The authority’s medium-term financial strategy, which sets out broader fiscal objectives for Shropshire Council for the next five years, will be discussed alongside the budget for the coming financial year at this week’s full council meeting.

The document outlines that savings achieved by PwC must be greater than the cost of engaging with the firm.

Gwilym Butler, Shropshire Council’s cabinet member for finance said the expertise provided by PwC had been “key” to the authority delivering record levels of cost savings.

“They have supported seven substantial projects so far, which have helped achieve savings of over £40m in this financial year, more than we have ever made before. The expertise of an external partner with a track record of making sustainable, strategic improvements has been key to this success,” he said.

“These include a project to introduce new technology into our contact centre to answer simple queries more speedily, 24 hours a day and another project to remodel and enhance services that reduce the time people take to recover after being discharged from hospital.

“However, the demand and cost for our services has continued to grow and we now face an even bigger challenge, like councils all over the UK. Our rural geography and older than average population adds to this challenge and we now know that we must find £62m in the next financial year. ”
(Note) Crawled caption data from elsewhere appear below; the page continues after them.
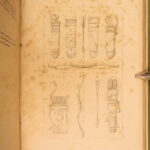 1840 – Book of Archery – Hansard | Bows & Arrows History – Robin Hood, Odyssey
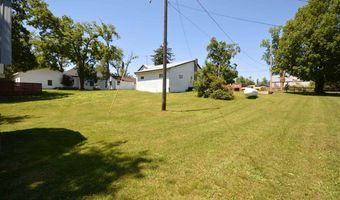 5924 Elm St, Alba, MI 49611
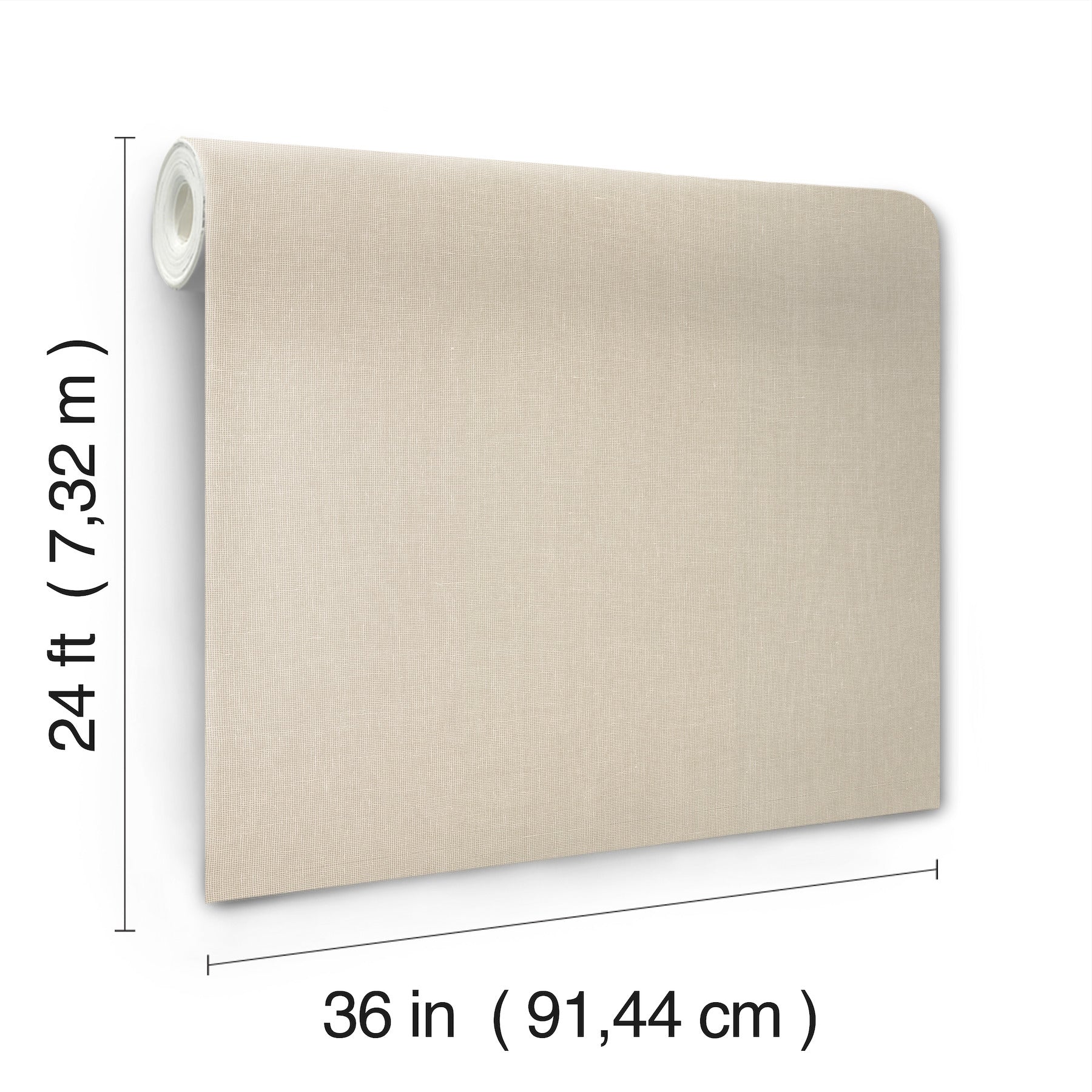 MX9603 Huri Beige Astoria Wallpaper by York Wallcoverings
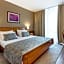 Hotel Splendid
Councillor Butler said the council was facing “very difficult decisions” in its budget plans for next year.

“There is no room for error in our budget plans for 2024/25 and investing in the proven guidance of our transformation partners will help to ensure every tough decision we make is the right one to secure a financially sustainable future for Shropshire Council,” he added.
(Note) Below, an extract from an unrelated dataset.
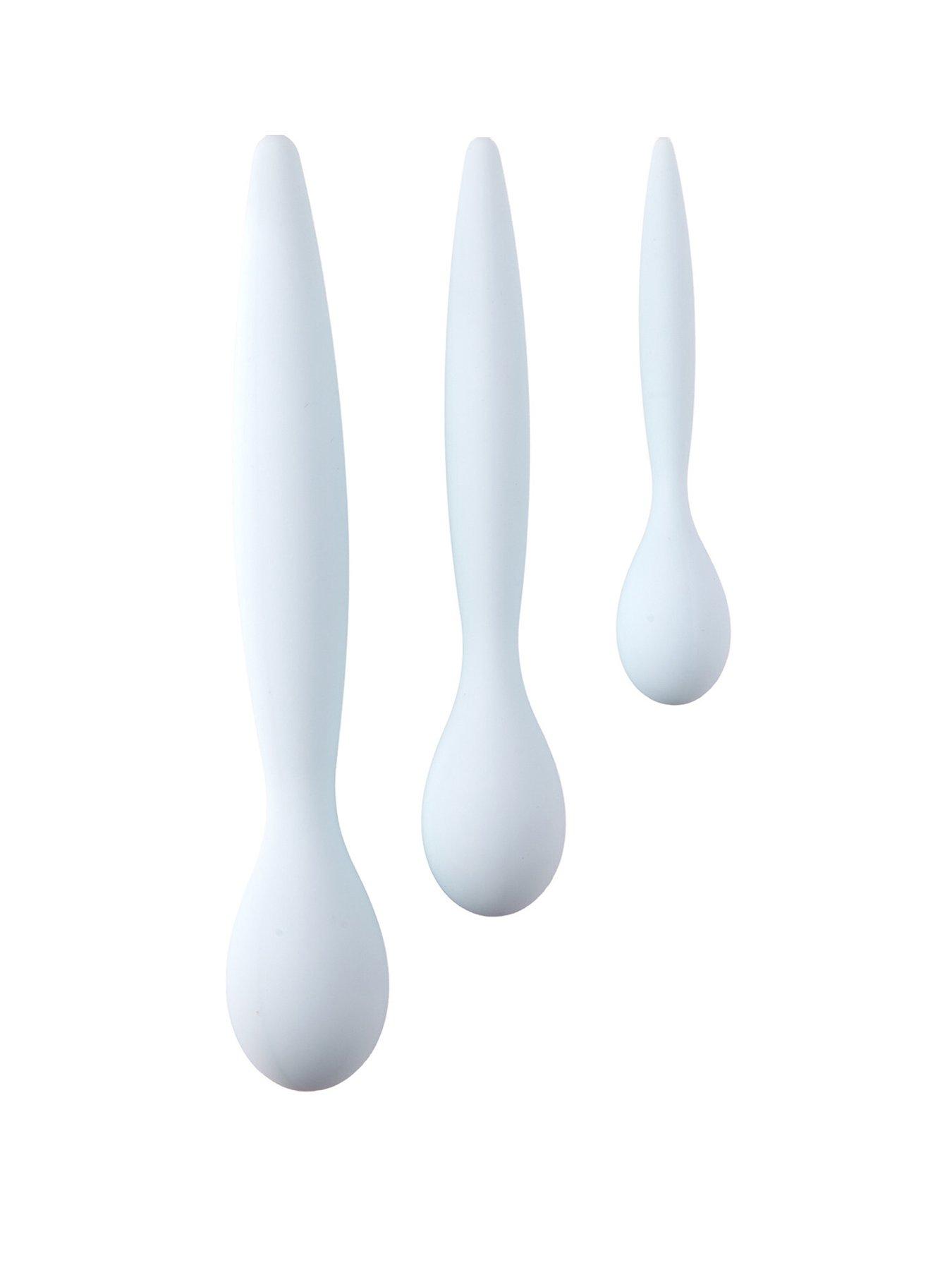 Ann Summers My Viv Pelvic Dilator Set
A report from the council’s Transformation Task and Finish Group also set to go before full council this week recommends that the council continues to develop its work with PwC by “tactically utilising their access to skills and knowledge that the council does not have in house, to help transform services.”

The report added that cost-savings projects were initially conceived by PWC, although Shropshire Council retained decision making authority over them.

PwC declined to respond, saying that it was unable to comment on work being delivered for its clients.

The report and budget proposals will be put forward to a full meeting of Shropshire Council on Thursday, February 29.